The end came during the fair. The Ravalli County Fair is always held Labor Day weekend, and that year my mother had traveled to Hamilton to visit. Mom and her husband were regulars at our house for that holiday as she loved seeing her young granddaughters and she found the fair a quaint change of pace from the city life she knew in Southern California.
That’s why I remember that fire season ended Labor Day weekend. I was walking out of the Hamilton Super 1 after shopping with mom and we bumped into the Bitterroot National Forest’s main fire guy in the parking lot. His name escapes me now, but I’ll never forget the smile on his face as we looked up at the fresh snow on St. Mary Peak. There was weather in the Bitterroot that weekend. It may have spoiled the fair, but that was a small price to pay.
“It isn’t over yet,” he said, but his grin gave away his false caution. The fire season was over for the year. We both knew it.
A few years later, after my family moved from the Bitterroot to Arizona, we planned an August vacation back to Montana. That was 2000, an infamous summer of fire in the Bitterroot, memorialized by a photograph taken at night showing a pair of elk seeking refuge in the East Fork of the Bitterroot River near Sula, while the hillside just across the river was engulfed in flames.
As our vacation date neared, friends in the valley suggested we reschedule. The Bitterroot was all flames and smoke, they told us. Better to not see an old home we’d so loved in such a dismal state.
We came anyway, but as we drove north on I-15 and cleared the pass north of Malad, Idaho, rain began to fall. By the time we reached Hamilton the following afternoon, the fires were gone and rain had scrubbed the sky clean of any trace of smoke. Other than the freshly blackened mountains west of Hamilton, it was hard to tell there’d been any fire at all.
Mid-August in 2000 and the fires were out.
Labor Day 2017 came and went last weekend. It’s not quite as hot as it’s been, but as I look at the forecast for the next week I see nothing but clear skies and unseasonably warm temperatures. I hope the forecast is wrong, but this summer has beaten much of the optimism out of me.
One million acres in Montana have burned. The state has spent more than $50 million fighting fires, draining the fund set aside for such efforts, and then some. More than $30 million was cut from the fire fund during the last legislative session, when the cold, icy winter lulled lawmakers into the false security that 2017 would be easy peasy.

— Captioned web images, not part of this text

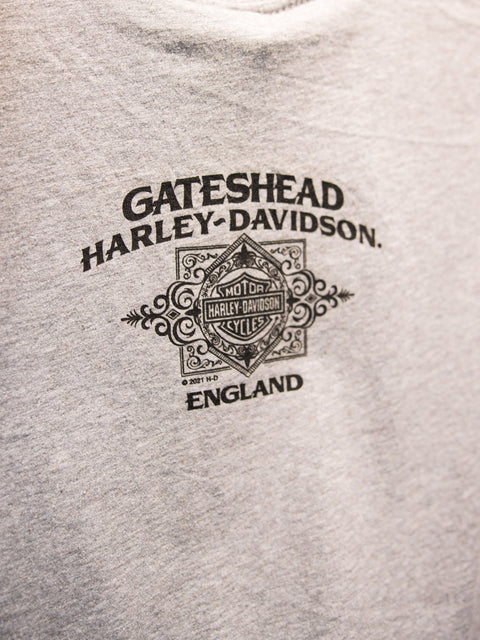 Gateshead Harley Davidson Dealer T-Shirt Contour Skull R004607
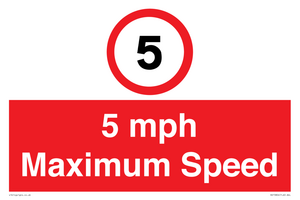 RV15804: 5 mph Maximum Speed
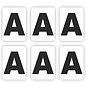 JERMA allerhandestickers Plakletter A, set 6 stickers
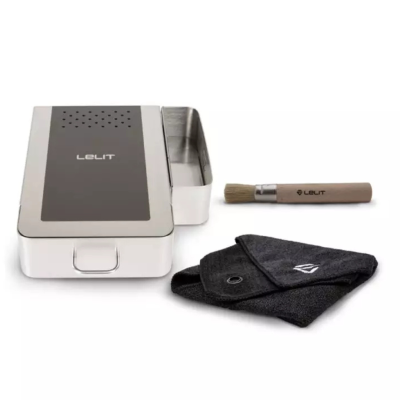Lelit Knock Box Drawer - Stainless Steel with Cloth & Brush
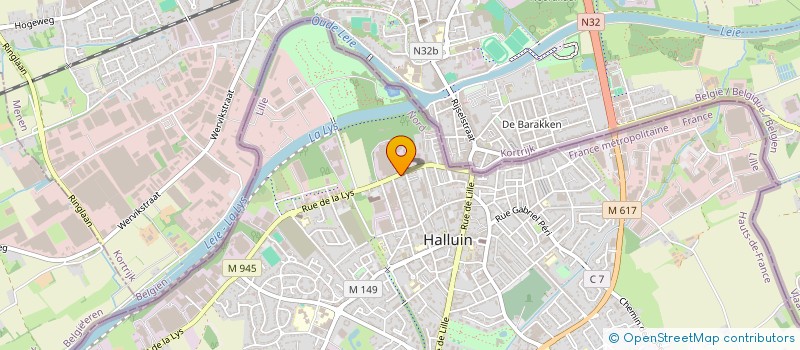 localisation de l'entreprise SHTUBINA  HALLUIN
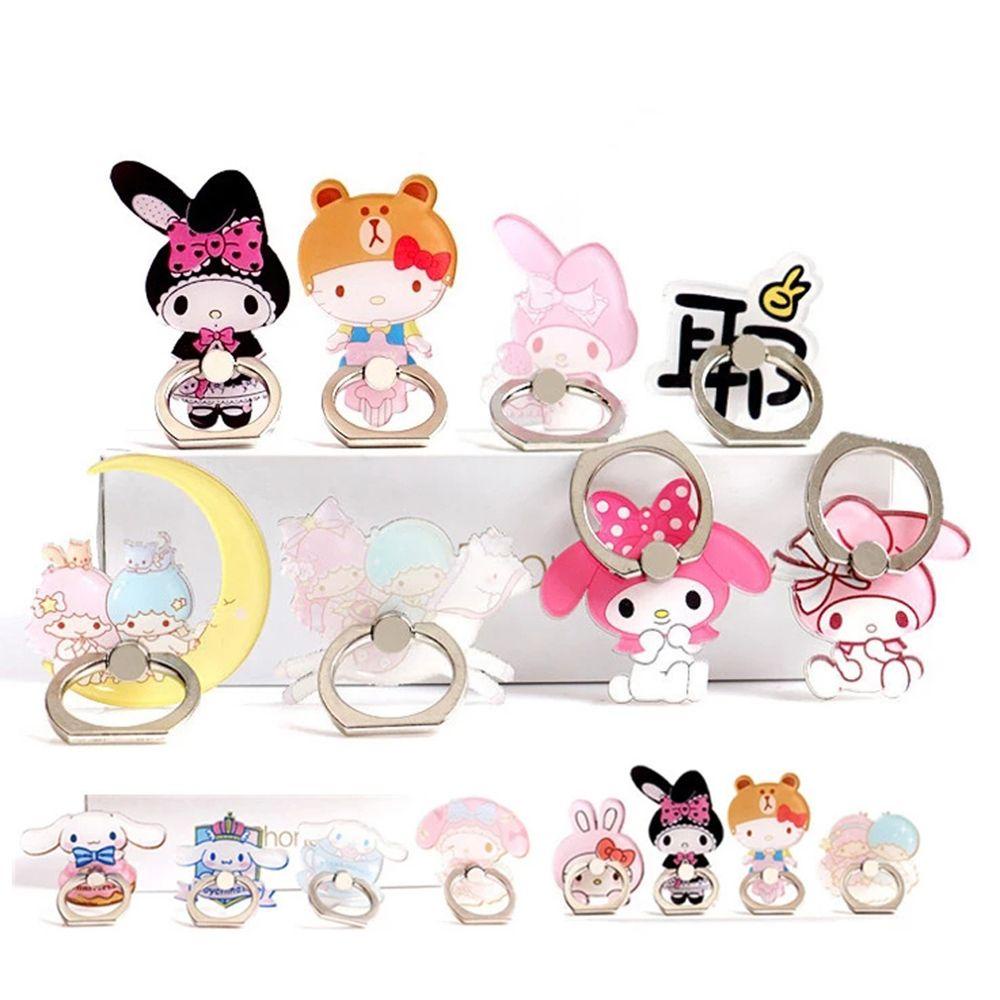 Glenes Nhẫn Đỡ Điện Thoại Bằng Acrylic Hình Melody Twins / Ngôi Sao Có Thể Gập Lại Chống Rơi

I’d like to hope this will be the last time our elected officials act in such a foolhardy fashion when it comes to preparing for natural disaster, but I usually expect disappointment in such matters. That allows me a modicum of added relief in the rare instances when they get things right.
Here’s a suggestion for our elected officials: Do a little calculating on what the state spends annually on fire, and triple it. Set that much aside every year for fighting fire, and leave it for when it’s needed.
Praying for Labor Day rain just isn’t gonna cut it anymore.